Her hunch was spot on. Copland said she was born in Oslo, Norway. The specific accent, which others could confuse for German or Danish, was crystal clear for Crosman. Both women were familiar with the small but tight-knit local Norwegian community. Crosman and Copland both worked for the Norwegian cruise industry that brought them to Miami, in 1978 and 1988, respectively. Yet, they had never seen or met each other.
“I said ‘ Gier du det,’ which means ‘you don’t say!’ in Norwegian,” said Crosman. But the coincidence didn’t end there. Crosman related to Copland by explaining that her family was from Norway and that she had spent summers there since she was 11 years old. She named the small town, Hvittingfoss, where her family was from and she had spent seasons away from Miami as a young adult. Copland was shocked.
“I gasped and said ‘My mom was born there!’ ” Copland said. The town 50 miles from Oslo is a picture of bucolic quaintness. A close society was built around a paper mill in the 1800s. Now the town has a population of just over 1,000 people. Crosman said that even in Norway, it’s rare for anyone in the city to know Hvittingfoss.
Connecting the dots, Copland asked for her maiden name and found it was the same as her own: Foss. Their mothers were cousins, making them true second cousins. The women, certain now that they were of the same kin, exchanged phone numbers before leaving the store.
“Our great-grandfather’s name was Abraham Foss,” Copland said. “He would be so happy to know we’ve met now,” she said to Crosman on Friday night at her Brickell apartment.
“I was in shock for the entire day,” Crosman said.
It was Abraham Foss’ youngest son and Copland’s grandfather, Luaritz Foss, that created a relic that would astonish the cousins even more. He created a “brown book” that details the family history down the line, starting in the 1400s. Short stories about family members, including Copland and Crosman are in the book. Photos from the early 1900s are in the book, including the Foss farm. Crosman brought her copy, which was passed down from her mother in 1989, to Copland’s Brickell home the night they met.“We stayed up until midnight, just talking and laughing,” Crosman said. On Friday night, Crosman and Copland got together once more to share their story of serendipity.

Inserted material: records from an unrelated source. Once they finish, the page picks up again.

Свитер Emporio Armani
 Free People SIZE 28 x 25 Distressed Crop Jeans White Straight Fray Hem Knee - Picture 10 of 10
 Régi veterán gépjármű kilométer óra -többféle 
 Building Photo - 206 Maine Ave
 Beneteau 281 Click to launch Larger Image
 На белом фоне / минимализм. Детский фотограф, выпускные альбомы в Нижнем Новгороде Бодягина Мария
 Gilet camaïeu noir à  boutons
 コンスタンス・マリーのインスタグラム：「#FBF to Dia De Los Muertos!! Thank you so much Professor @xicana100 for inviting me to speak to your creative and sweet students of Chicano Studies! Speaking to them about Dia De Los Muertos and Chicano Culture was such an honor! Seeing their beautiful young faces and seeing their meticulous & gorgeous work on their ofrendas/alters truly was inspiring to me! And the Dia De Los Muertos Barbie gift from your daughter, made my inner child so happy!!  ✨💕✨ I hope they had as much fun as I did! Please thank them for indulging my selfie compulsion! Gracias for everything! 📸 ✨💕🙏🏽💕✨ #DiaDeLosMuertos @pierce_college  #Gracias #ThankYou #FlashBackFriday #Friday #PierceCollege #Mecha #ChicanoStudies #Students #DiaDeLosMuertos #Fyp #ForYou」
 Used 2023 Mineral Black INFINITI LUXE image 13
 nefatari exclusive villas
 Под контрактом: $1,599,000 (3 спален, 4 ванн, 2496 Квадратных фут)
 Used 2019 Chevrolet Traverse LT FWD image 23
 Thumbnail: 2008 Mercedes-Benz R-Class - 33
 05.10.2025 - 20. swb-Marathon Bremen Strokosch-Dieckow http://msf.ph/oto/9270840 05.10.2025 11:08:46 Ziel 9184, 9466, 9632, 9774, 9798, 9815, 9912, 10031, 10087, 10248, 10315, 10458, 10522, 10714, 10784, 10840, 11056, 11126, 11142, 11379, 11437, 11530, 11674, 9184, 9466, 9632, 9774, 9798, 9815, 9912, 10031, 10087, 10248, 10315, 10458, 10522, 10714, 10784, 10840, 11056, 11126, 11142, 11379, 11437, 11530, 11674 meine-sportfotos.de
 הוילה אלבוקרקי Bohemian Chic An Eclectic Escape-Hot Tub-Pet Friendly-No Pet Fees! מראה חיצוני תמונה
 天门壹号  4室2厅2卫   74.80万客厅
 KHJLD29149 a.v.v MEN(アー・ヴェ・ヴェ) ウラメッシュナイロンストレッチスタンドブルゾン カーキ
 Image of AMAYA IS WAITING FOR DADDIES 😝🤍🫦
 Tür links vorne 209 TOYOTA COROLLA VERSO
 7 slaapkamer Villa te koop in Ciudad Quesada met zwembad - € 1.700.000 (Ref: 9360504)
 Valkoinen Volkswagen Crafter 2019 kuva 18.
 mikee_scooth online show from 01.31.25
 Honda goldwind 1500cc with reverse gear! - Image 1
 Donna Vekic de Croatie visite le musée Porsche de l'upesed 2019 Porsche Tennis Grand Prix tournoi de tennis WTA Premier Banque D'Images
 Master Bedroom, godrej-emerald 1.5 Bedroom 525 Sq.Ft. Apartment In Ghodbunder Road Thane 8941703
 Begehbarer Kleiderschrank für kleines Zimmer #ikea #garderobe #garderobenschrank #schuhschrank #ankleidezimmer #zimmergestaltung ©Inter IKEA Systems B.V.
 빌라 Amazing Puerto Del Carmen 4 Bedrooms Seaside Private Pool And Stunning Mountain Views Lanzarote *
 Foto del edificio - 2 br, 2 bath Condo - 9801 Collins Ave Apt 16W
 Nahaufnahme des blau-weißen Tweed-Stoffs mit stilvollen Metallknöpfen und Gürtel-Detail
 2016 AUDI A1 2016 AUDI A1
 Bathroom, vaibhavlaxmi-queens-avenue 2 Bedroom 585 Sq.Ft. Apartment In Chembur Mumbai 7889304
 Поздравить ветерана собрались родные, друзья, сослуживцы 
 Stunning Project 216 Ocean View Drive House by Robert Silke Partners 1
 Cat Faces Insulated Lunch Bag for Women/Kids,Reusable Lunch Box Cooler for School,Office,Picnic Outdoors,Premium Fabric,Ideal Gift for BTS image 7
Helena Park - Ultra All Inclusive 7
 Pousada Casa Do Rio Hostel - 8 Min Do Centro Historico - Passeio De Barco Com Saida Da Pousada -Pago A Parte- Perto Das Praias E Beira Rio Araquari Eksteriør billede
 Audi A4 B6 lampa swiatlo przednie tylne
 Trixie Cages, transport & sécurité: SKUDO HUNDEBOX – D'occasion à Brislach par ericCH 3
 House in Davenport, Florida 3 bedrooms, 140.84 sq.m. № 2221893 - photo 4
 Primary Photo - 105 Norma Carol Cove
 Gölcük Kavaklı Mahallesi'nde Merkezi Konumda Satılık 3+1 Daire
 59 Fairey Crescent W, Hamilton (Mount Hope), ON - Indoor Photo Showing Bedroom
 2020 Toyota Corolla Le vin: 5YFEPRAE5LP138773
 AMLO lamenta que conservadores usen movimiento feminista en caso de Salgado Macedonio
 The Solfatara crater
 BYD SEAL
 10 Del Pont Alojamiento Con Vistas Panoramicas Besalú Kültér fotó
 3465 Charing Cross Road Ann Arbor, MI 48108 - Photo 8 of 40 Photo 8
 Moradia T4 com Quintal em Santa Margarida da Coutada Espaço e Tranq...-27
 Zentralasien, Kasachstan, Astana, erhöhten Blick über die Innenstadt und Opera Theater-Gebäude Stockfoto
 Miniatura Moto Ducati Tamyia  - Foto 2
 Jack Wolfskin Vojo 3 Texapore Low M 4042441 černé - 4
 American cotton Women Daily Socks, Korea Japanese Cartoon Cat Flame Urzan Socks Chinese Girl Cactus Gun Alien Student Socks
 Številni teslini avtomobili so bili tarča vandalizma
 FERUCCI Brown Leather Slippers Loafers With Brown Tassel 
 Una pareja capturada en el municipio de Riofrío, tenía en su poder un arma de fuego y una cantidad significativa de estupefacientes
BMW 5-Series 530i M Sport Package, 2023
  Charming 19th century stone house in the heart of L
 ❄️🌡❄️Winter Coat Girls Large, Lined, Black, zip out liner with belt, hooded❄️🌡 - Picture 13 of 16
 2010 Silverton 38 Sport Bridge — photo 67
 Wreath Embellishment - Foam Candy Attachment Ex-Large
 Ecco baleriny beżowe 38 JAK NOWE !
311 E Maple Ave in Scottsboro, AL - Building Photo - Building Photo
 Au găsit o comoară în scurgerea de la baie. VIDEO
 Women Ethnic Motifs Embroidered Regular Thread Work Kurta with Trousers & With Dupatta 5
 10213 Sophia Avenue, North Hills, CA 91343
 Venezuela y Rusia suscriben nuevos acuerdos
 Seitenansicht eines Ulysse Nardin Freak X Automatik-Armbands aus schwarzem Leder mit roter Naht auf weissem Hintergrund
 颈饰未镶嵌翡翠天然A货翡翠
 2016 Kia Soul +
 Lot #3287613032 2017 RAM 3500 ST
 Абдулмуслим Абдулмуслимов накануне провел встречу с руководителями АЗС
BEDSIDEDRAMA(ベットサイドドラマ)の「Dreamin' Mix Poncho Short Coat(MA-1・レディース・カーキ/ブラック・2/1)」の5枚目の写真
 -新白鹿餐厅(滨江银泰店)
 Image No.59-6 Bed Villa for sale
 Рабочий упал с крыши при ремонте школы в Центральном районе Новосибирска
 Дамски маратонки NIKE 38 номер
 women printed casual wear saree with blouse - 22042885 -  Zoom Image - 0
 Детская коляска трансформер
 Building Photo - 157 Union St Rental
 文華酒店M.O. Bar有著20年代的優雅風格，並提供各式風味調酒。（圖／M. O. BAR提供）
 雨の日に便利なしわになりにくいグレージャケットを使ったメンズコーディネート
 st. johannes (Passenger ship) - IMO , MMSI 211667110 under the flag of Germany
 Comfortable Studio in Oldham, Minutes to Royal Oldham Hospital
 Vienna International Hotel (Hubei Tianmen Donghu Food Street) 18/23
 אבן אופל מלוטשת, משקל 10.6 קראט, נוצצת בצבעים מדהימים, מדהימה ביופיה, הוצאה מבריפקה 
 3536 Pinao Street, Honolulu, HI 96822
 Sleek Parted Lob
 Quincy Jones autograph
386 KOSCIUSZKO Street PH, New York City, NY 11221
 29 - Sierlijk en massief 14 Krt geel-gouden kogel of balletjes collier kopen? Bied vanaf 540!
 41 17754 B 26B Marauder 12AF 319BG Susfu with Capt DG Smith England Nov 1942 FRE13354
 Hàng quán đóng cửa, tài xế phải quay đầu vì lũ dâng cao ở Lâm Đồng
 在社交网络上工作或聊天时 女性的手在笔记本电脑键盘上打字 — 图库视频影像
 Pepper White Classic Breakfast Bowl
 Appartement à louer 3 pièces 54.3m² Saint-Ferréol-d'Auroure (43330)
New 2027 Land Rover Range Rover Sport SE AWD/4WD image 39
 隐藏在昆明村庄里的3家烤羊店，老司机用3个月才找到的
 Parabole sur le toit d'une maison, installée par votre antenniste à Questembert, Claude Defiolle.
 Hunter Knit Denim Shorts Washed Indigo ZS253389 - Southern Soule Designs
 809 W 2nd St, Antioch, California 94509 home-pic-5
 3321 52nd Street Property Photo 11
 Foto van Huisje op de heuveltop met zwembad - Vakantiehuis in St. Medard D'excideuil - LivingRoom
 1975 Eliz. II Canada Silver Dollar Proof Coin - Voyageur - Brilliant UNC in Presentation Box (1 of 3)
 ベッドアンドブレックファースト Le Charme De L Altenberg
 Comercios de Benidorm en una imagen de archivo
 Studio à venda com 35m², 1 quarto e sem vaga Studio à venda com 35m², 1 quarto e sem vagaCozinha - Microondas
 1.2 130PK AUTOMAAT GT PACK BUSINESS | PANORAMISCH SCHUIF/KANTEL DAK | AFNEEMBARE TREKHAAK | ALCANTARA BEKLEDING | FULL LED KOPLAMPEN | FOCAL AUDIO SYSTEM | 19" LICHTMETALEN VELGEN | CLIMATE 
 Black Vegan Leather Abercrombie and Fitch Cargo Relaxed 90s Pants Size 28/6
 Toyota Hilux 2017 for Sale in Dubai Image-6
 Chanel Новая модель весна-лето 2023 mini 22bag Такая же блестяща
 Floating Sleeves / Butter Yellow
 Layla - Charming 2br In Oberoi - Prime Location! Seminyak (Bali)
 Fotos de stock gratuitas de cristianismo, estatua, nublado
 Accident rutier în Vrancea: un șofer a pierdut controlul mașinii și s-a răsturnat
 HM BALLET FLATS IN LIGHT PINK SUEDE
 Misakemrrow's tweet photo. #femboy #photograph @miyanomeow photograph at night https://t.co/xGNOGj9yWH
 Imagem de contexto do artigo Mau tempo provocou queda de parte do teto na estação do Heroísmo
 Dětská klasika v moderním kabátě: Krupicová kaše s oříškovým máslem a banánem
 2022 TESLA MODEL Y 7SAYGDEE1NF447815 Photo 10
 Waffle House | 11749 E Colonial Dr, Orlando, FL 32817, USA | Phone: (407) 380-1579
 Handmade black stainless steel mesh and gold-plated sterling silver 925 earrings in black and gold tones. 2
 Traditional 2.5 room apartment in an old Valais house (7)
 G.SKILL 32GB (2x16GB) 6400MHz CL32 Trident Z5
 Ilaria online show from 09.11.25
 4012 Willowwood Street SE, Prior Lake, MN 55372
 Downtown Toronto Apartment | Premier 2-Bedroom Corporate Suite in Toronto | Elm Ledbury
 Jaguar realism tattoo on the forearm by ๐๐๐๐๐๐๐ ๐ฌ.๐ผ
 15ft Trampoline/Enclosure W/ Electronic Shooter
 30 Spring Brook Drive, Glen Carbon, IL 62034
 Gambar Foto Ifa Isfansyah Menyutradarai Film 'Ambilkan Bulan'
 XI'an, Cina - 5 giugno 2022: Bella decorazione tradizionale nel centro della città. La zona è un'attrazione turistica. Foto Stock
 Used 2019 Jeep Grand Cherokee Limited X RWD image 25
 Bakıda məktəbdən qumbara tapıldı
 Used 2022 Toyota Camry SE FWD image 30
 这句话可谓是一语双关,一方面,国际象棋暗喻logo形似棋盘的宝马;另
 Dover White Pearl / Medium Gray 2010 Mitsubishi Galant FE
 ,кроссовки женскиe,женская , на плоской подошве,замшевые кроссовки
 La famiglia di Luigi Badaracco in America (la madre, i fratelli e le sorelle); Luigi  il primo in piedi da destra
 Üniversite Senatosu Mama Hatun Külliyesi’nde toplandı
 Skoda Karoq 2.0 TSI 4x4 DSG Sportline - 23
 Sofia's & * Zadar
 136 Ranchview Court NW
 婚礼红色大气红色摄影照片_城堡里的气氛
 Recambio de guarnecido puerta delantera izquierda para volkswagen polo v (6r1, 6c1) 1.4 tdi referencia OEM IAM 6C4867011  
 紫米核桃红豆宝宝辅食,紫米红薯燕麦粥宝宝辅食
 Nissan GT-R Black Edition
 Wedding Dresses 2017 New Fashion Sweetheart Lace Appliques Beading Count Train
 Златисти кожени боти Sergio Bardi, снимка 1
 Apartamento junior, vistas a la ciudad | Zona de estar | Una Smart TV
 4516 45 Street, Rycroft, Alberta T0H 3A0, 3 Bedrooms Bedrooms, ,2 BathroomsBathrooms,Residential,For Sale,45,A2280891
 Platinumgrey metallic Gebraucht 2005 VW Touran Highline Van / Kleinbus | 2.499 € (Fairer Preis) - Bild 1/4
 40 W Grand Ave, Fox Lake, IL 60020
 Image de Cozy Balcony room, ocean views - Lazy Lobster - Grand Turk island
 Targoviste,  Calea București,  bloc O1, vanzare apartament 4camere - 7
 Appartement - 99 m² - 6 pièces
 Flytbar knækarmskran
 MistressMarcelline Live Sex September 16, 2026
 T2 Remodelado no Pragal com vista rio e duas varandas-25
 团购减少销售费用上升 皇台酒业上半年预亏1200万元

While the women’s fair complexion and stature could be familiar traits, their laughter and Norwegian-tinted conversation were revealing of a much deeper link. On Friday night, the women got together one more time before Copland goes on a month-long trip to Canada.
“We could have just walked away and never known we were related,” Copland said.
But because of a friendly exchange and a bit of curiosity from Crosman, the mundane trip to the store became a crossroads of fate for the two Norwegian women. Crosman said she’ll keep in touch with her cousin through skype.
“I told her I also think the feet thing must be genetic.”